:: WHAT IS NEEDED ::
Please retype, unchanged, each line from the top of the material below through the line where "Używany Peugeot 206" appears.

:: EXERCISE MATERIAL ::
::::::::::

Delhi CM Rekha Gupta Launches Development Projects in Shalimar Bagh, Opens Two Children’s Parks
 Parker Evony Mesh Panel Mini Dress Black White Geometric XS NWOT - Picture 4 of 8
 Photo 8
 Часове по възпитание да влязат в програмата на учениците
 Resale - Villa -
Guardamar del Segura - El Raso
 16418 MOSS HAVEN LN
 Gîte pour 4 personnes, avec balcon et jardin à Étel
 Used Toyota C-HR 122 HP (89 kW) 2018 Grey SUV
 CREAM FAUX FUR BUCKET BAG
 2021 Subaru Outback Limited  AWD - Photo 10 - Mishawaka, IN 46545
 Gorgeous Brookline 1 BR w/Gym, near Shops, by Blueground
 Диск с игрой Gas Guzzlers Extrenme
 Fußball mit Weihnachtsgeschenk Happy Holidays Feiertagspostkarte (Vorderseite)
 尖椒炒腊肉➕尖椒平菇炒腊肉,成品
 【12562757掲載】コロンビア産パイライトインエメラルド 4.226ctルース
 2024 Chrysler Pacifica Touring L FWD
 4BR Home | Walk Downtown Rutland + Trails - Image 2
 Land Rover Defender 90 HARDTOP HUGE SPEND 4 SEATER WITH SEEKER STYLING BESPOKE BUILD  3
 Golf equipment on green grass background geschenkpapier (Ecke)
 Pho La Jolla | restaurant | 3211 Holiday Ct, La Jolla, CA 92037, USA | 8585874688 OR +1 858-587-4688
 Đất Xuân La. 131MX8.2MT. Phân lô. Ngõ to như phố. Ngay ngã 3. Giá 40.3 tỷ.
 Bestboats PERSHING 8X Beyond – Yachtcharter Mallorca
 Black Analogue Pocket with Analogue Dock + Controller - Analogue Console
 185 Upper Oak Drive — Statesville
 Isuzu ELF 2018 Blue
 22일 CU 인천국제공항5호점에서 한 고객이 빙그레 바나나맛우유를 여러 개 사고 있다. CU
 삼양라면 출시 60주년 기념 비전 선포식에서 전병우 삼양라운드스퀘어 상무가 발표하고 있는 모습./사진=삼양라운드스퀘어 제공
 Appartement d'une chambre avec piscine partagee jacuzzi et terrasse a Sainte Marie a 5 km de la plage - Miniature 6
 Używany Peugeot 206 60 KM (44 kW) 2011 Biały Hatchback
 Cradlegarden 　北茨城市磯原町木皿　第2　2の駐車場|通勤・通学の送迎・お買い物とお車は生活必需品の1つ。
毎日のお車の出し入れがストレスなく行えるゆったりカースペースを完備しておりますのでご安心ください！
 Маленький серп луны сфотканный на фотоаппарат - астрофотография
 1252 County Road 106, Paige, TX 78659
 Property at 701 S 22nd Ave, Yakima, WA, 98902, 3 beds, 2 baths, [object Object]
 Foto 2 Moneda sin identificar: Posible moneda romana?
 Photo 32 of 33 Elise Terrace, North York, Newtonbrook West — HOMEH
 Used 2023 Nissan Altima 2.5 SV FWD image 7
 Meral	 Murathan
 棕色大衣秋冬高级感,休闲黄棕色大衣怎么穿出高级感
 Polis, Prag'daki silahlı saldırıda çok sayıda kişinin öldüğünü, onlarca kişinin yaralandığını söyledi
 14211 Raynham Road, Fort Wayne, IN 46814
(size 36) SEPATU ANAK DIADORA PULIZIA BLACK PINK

::::::::::

:: RESPONSE TO THIS EXERCISE ::
Delhi CM Rekha Gupta Launches Development Projects in Shalimar Bagh, Opens Two Children’s Parks
 Parker Evony Mesh Panel Mini Dress Black White Geometric XS NWOT - Picture 4 of 8
 Photo 8
 Часове по възпитание да влязат в програмата на учениците
 Resale - Villa -
Guardamar del Segura - El Raso
 16418 MOSS HAVEN LN
 Gîte pour 4 personnes, avec balcon et jardin à Étel
 Used Toyota C-HR 122 HP (89 kW) 2018 Grey SUV
 CREAM FAUX FUR BUCKET BAG
 2021 Subaru Outback Limited  AWD - Photo 10 - Mishawaka, IN 46545
 Gorgeous Brookline 1 BR w/Gym, near Shops, by Blueground
 Диск с игрой Gas Guzzlers Extrenme
 Fußball mit Weihnachtsgeschenk Happy Holidays Feiertagspostkarte (Vorderseite)
 尖椒炒腊肉➕尖椒平菇炒腊肉,成品
 【12562757掲載】コロンビア産パイライトインエメラルド 4.226ctルース
 2024 Chrysler Pacifica Touring L FWD
 4BR Home | Walk Downtown Rutland + Trails - Image 2
 Land Rover Defender 90 HARDTOP HUGE SPEND 4 SEATER WITH SEEKER STYLING BESPOKE BUILD  3
 Golf equipment on green grass background geschenkpapier (Ecke)
 Pho La Jolla | restaurant | 3211 Holiday Ct, La Jolla, CA 92037, USA | 8585874688 OR +1 858-587-4688
 Đất Xuân La. 131MX8.2MT. Phân lô. Ngõ to như phố. Ngay ngã 3. Giá 40.3 tỷ.
 Bestboats PERSHING 8X Beyond – Yachtcharter Mallorca
 Black Analogue Pocket with Analogue Dock + Controller - Analogue Console
 185 Upper Oak Drive — Statesville
 Isuzu ELF 2018 Blue
 22일 CU 인천국제공항5호점에서 한 고객이 빙그레 바나나맛우유를 여러 개 사고 있다. CU
 삼양라면 출시 60주년 기념 비전 선포식에서 전병우 삼양라운드스퀘어 상무가 발표하고 있는 모습./사진=삼양라운드스퀘어 제공
 Appartement d'une chambre avec piscine partagee jacuzzi et terrasse a Sainte Marie a 5 km de la plage - Miniature 6
 Używany Peugeot 206 60 KM (44 kW) 2011 Biały Hatchback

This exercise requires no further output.